Örgütlenmiş militan feministlere ihtiyaç vardır
 
Özetle, feminist hareketin hedeflerine ulaşamamış olmasının bir nedeni de ataerkinin uyguladığı bölücü etkinin üstesinden gelememiş olmasıdır. Feminist hareket, ataerkinin böl yönet politikalarına maruz kalmış ve kadınlar arasındaki farklılıklarla etkili bir şekilde baş edememiştir. Bir başka sorun da feminizmin kendini modern kapitalizmden düşünüş ve yaşayış düzleminde özgürleştirememiş olmasıdır.
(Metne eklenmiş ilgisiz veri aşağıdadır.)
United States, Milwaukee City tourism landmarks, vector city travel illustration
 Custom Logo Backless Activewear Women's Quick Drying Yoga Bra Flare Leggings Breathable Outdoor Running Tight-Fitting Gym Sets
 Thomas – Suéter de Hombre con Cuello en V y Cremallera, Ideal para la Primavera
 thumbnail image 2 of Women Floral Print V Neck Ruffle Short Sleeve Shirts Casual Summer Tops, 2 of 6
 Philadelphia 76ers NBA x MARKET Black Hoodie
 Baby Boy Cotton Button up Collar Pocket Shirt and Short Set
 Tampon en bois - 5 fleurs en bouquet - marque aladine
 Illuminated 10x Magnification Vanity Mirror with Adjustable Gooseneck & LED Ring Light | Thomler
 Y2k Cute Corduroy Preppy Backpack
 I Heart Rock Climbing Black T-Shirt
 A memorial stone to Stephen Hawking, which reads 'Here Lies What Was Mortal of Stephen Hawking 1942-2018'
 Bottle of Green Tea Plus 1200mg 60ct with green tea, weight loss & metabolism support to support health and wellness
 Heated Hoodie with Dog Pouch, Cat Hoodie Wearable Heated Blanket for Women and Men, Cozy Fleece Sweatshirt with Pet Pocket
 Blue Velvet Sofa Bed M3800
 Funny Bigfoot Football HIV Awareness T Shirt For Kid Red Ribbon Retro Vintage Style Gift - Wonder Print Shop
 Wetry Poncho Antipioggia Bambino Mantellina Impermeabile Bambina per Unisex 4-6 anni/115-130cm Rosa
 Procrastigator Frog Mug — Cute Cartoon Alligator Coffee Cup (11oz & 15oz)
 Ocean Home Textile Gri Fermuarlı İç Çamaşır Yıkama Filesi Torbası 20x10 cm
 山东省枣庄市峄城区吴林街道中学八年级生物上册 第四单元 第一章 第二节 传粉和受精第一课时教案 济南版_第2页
Bunlarla savaşabilmek için güçlü bir şekilde örgütlenmiş militan feministlere ihtiyaç vardır. Öncesinde feminist militanlar olmuştur, ancak ataerkiyi yenmeye yetecek sayıda feminist ve yeterince güçlü örgütlenmeler olmamıştır. Ayrıca, feminizm kendisini oryantalist ve pozitivist bakış açısından da kurtarmamıştır. Son bir sebep ise feminizmin toplumsal cinsiyet sorununa odaklanırken kendisini toplumdan ayırmasıdır. Kadınların ezilmesi sosyal bir sorundur ve kadının özgürlüğüyle ilişkilidir: kadınlar özgür olmadan, özgür bir toplum olamaz. Feminist hareketi bir mağarada büyümüş ve uçmak isteyen bir güvercine benzetebiliriz. Düşleri ve çabası yeterli olsa da kanatları olmadan uçmayı başaramayacaktır.